项目作者: yl255
项目描述 :
Build tensorflow(v1.13.1) with vs2017 using cuda 10.1
高级语言: C++
项目地址: git://github.com/yl255/Build-tensorflow-v1.13.1-with-vs2017-using-cuda-10.1.git
tensorflow-v1.13.1-build-with-vs2017-cuda10.1
system info: cuda 10.1, vs2017 Community, cmake 3.16.0
I just build the C/C++ api, not using Python.
prepare for building:
1.1 tensorflow-v1.13.1 source code (please download from github)
- 1) unzip the code to ./tensorflow-1.13.1
- 2) the project need a new version of abseil_cpp.
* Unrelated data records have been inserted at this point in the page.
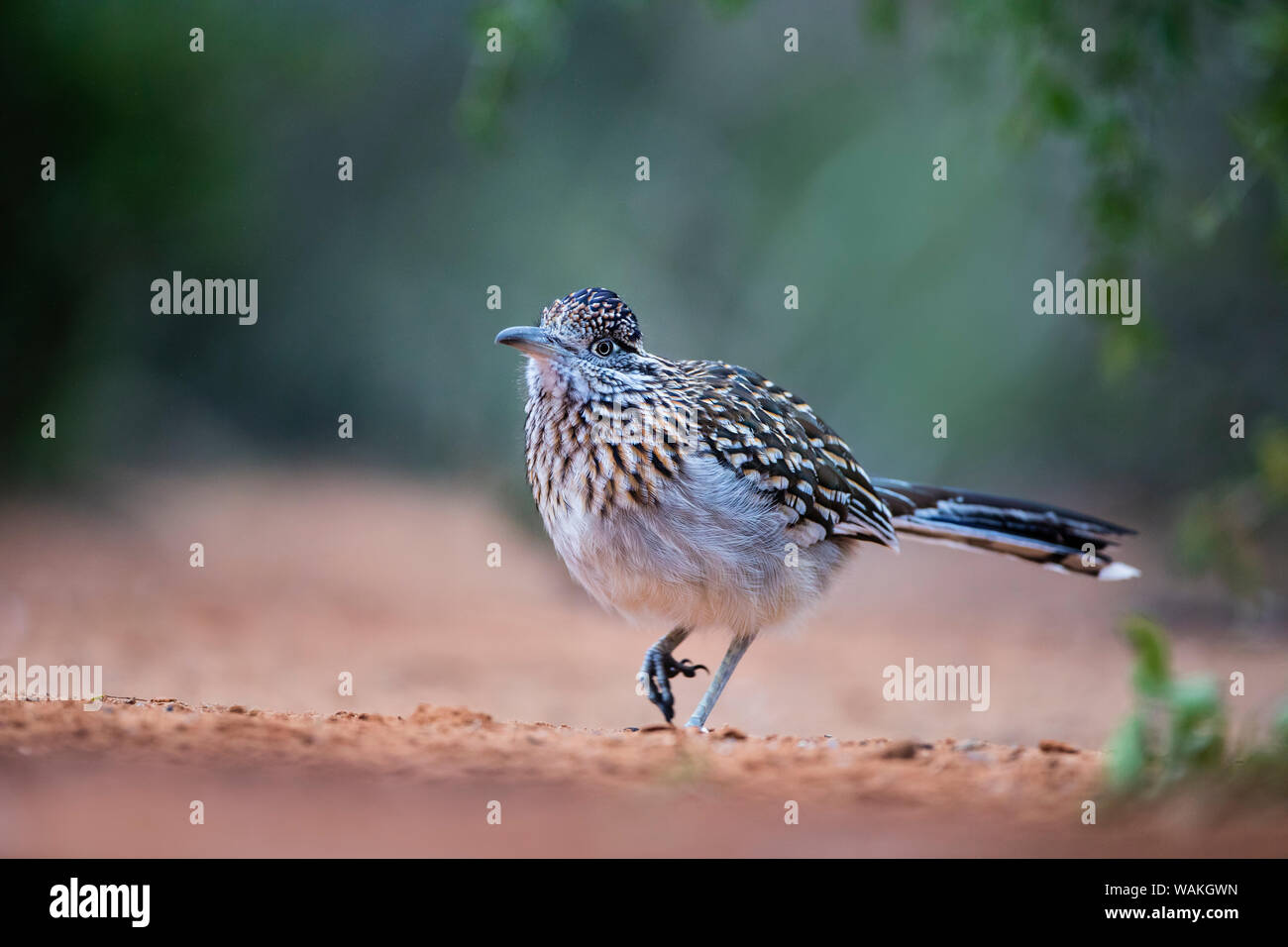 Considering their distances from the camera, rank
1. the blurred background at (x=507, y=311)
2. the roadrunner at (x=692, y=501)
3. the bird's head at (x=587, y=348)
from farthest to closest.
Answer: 1. the blurred background at (x=507, y=311)
2. the bird's head at (x=587, y=348)
3. the roadrunner at (x=692, y=501)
Update the abseil_cpp.cmake (in the ./tensorflow/contrib/cmake/external) to the my version.
- 3) copy the “version_info.cc” file to the ./tensorflow/core/util/version_info.cc.(Auto generate?)
- 4) open the file “/tensorflow/core/util/cuda_kernel_helper.h”,
change #include "cuda/include/cuda_fp16.h"
to #include "cuda_fp16.h"
see: issues31349 - 5) update the tf_core_kernels.cmake (in the ./tensorflow/contrib/cmake/external)
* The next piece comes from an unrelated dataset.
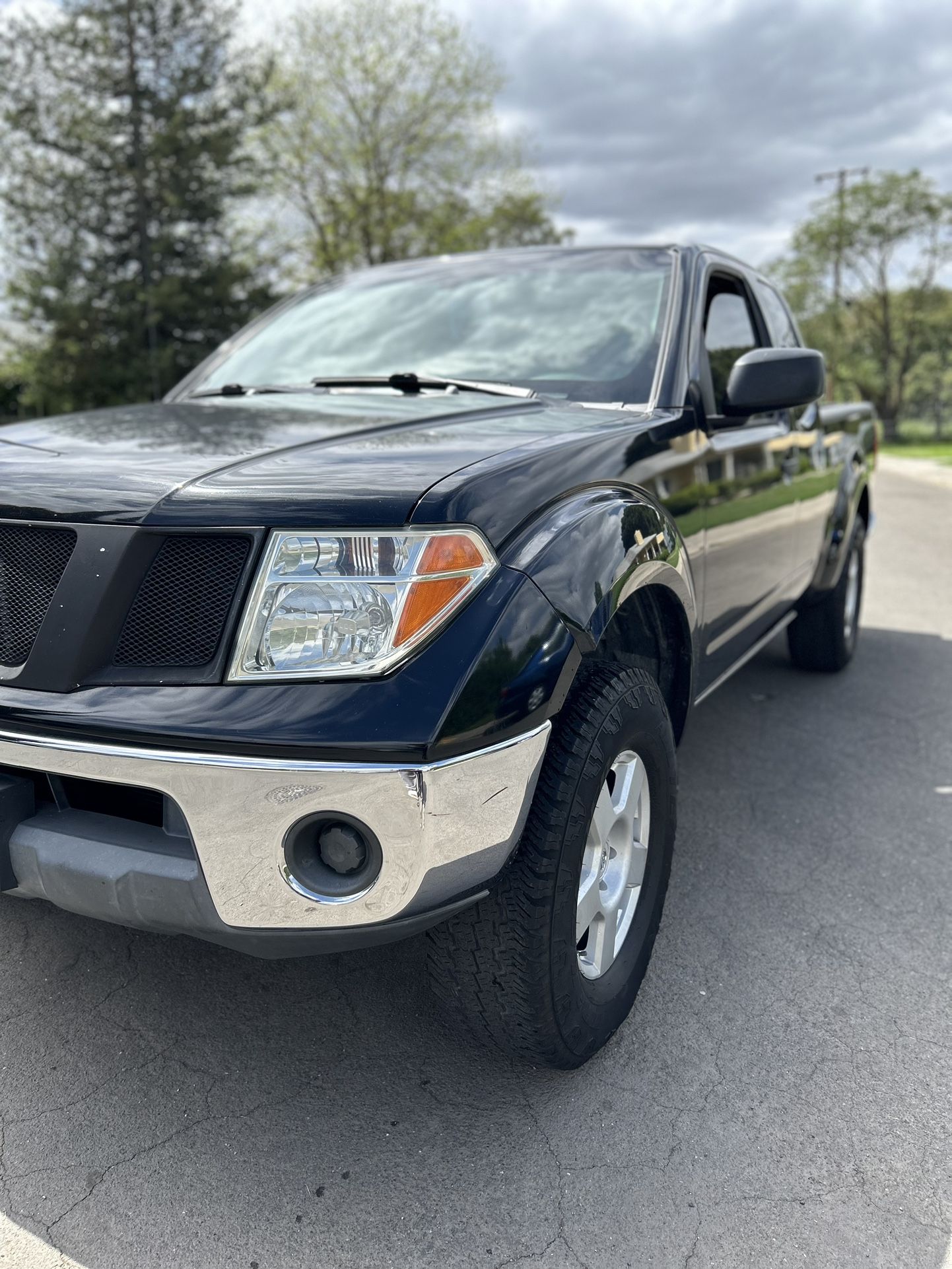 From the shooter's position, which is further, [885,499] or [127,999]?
[885,499]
Just add nccl_manager files. I failed to add a new ‘tf_core_nccl.cmake’ file to the project :(. 6) about the inculd ‘cud’ libraray.
There are some source files with the header like #include "third_party/cub/*.cuh"
It maybe need to change: #include "cub/*.cuh"
, delete the ‘third_party/‘
The files such as:
tensorflow/core/kernels/scan_ops_gpu.cu.cc
tensorflow/core/kernels/depthwise_conv_op_gpu.cu.cc
tensorflow/core/kernels/dynamic_partition_op_gpu.cu.cc
tensorflow/core/kernels/histogram_op_gpu.cu.cc
tensorflow/core/kernels/topk_op_gpu.cu.cc
tensorflow/core/kernels/where_op_gpu.cu.h
`tensorflow/core/kernels/bincount_op_gpu.cu.cc’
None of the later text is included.